Il ne faut jamais raconter un Dupieux, et laisser au spectateur la surprise de la découverte. Et pourtant, avec Yannick, la surprise laisse la place à une comédie qui nous parle, et de manière beaucoup moins absurde qu’à l’ordinaire, de nous, de nos rapports, de l’art et de notre pays.
Quand on va voir le nouveau Dupieux, on sait parfaitement à quoi s’attendre : un concept génial à la base, de bons acteurs qui se régalent, des scènes hilarantes, avec le potentiel pour devenir « cultes » (enfin, si on était toujours à une époque où les répliques d’un film pouvaient devenir « cultes ») et puis peu à peu, une sorte de délitement du film, avec une fin bâclée, peu convaincante. Comme si Dupieux, malgré le court format de ses films, trouvait toujours le moyen de s’ennuyer et expédiait tout ça pour passer à autre chose.
Quand on va voir le nouveau Dupieux, on ne sait jamais parfaitement à quoi s’attendre : on sait qu’on sera surpris, soit par le sujet du film, soit par l’approche narrative, par les dialogues, par quelque chose qui de toute manière déviera par rapport aux règles de base de la manière dont on « doit faire du cinéma ».

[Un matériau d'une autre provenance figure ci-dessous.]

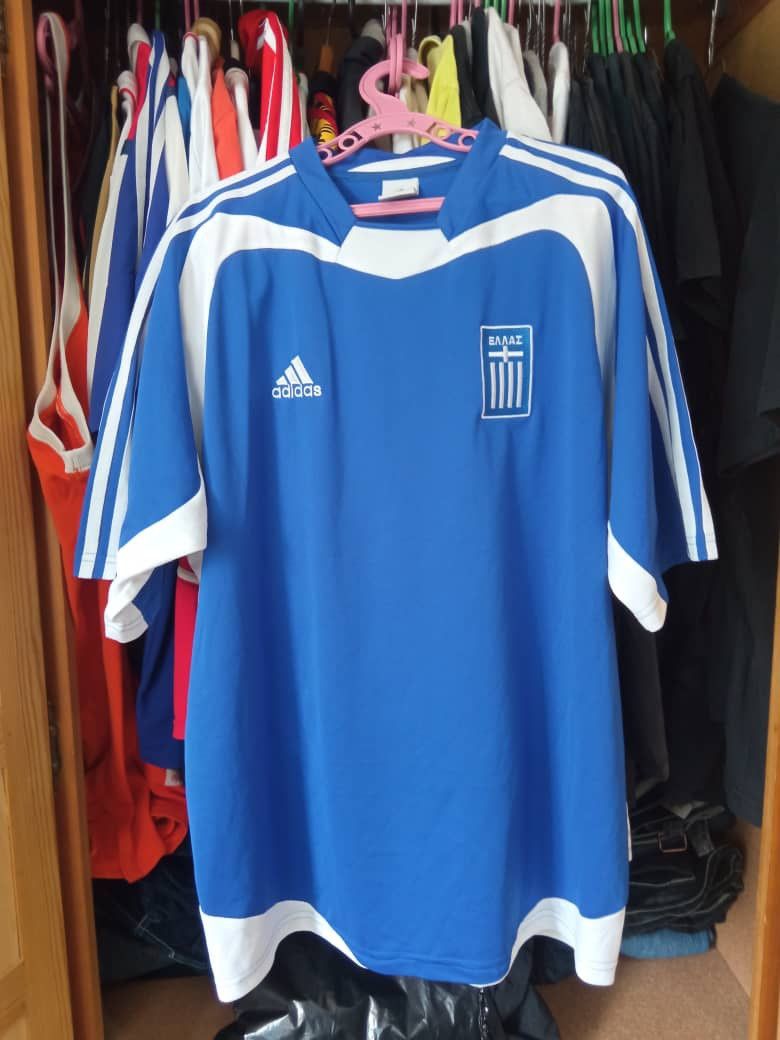 Adidas × Vintage 2004/06 ADIDAS GREECE HOME CHAMPIONS SOCCER JERSEY SHIRT Size US L / EU 52-54 / 3 - 1 Thumbnail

Yannick, le nouveau Dupieux, répond à ces deux critères, au point même qu’on se dit à un moment que ça serait bien que Dupieux arrête de vouloir nous surprendre, parce qu’il ne nous surprend plus vraiment. On a pourtant imaginé a priori que la fin serait, cette fois, plus soignée, parce que la durée s’est encore réduite par rapport aux standards des films précédents : une heure et quatre minutes, c’est plus un format de moyen métrage, non ? Mais Dupieux parvient quand même à nous frustrer avec sa fin… même si l’on a le droit de penser que le long écran noir final est finalement un parfait message politique – oui, oui ! – par rapport aux discussions actuelles sur les violences policières, non ?

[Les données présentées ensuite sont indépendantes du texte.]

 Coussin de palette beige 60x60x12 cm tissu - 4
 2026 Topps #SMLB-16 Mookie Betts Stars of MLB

Bon, on avait deviné sans peine l’histoire de Yannick, au vu des trois mini bandes annonces diffusées avant la sortie : navré par la médiocrité d’une pièce de théâtre de boulevard à la quelle il assiste, un spectateur excédé décide de prendre les choses en main pour créer une œuvre plus susceptible de divertir le public. Unité de lieu, de temps et d’action, la règle des trois unités de la tragédie classique est parfaitement respectée, et Yannick adopte donc un classicisme paradoxal pour Dupieux, même si une ellipse importante est opérée pendant un passage qui serait trop fastidieux. Sur scène, Pio Marmaï fait du Pio Marmaï, et le passage où son personnage pète les plombs correspond sans doute trop à ce que l’on attend de lui pour nous intéresser : c’est le moment le plus faible du film, qui se rattrape heureusement ensuite, nous offrant une montée d’émotion aussi paradoxale qu’indéniable. Blanche Gardin, quant à elle, est plus décalée, mais c’est surtout l’encore peu connu Raphaël Quenard qui emporte le morceau, et élève Yannick à la hauteur des meilleures réussites de Dupieux.

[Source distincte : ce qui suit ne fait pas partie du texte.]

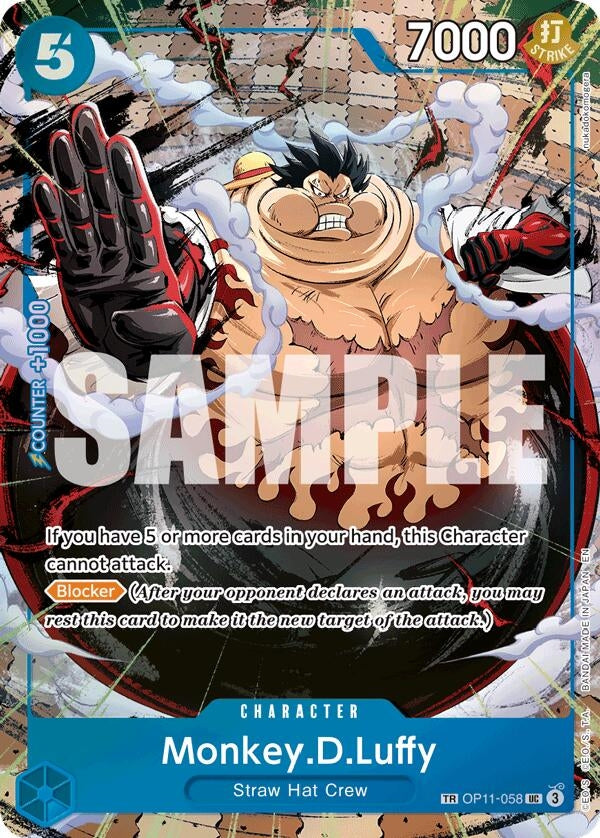 Image for Monkey.D.Luffy - OP11-058 (TR) (OP11-058) (OP13) - One Piece Card Game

Réflexion sur la pertinence de l’Art dans la vie quotidienne de l’homme ordinaire, sur l’arrogance des artistes comme sur le manque de respect de l’autre qui est de plus en plus endémique dans la société française (sans parler d’une multitude d’autres sujets tout aussi intéressants qu’il vaut mieux laisser le spectateur découvrir par lui-même), Yannick se détache de la veine « absurde » habituelle du cinéaste : presque vraisemblable, l’histoire que nous raconte ici Dupieux est ce qui ressemble le plus à un discours politique sur l’état général du pays, mais aussi sur le désarroi profond que nous ressentons tous… et c’est finalement là, la vraie surprise du film. Ce qui n’est pas rien.